Taubes' argument against the thermodynamic notion of WEIGHT gain/loss does seem counter-intuitive to say the least. But I think it needs to be understood in context. Although it may have started out as an attempt to explain weight gain/loss, Taubes' project, as I recall it, morphed into an account of the metabolic etiology of all the diseases with which the deposition of FAT as a result of excessive weight gain is associated. It's perfectly possible to be "obese", i.e., suffer from excessive stores of body fat, and be skinny. I know people in Korea who could sleep on chalk ledges but have upwards of 50% body fat. I even know people who do massive amounts of cardio and still are skinny fat, because their diet consists of too much grain and other crabs readily converted to sugars.
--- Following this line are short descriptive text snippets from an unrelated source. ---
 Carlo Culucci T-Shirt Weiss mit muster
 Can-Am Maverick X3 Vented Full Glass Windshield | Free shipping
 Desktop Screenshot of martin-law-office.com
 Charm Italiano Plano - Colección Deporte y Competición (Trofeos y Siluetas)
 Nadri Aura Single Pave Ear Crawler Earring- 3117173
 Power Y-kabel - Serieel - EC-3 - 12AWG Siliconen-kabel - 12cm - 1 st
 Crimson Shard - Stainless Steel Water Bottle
They stay skinny by burning so much energy with exercise, but still have unhealthy amounts of fat (and related metabolic problems) because of how they eat.

Kevin Kim said...

"Skinny-fat." Interesting term.

Sperwer said...

BTW, OMRON makes very good wrist-mounted BP meters - mine is model BP652. Here's the amazon write-up:

http://www.amazon.com/Omron-Bp652-Series-Blood-Pressure/dp/B004D9P1A8/ref=sr_1_2?s=hpc&srs=2530054011&ie=UTF8&qid=1362470147&sr=1-2&keywords=omron&tag=xunjiacom0e-20

I don't think you need a blood glucose meter, unless you're actually diabetic.


Charles said...

Sperwer speaks the truth; I am skinny as a bone, but my fat-to-muscle ratio is crap because I've let myself go to seed. That's why I have started exercising every morning, and I plan to start running again once the weather warms up (which it seems to be doing right now!).

Anyway, congrats on the weight loss!

Kevin Kim said...

Charles & Sperwer,

I'll try interpreting Taubes more charitably. It's likely that, in making his argument, he wasn't talking about radical extremes like starvation.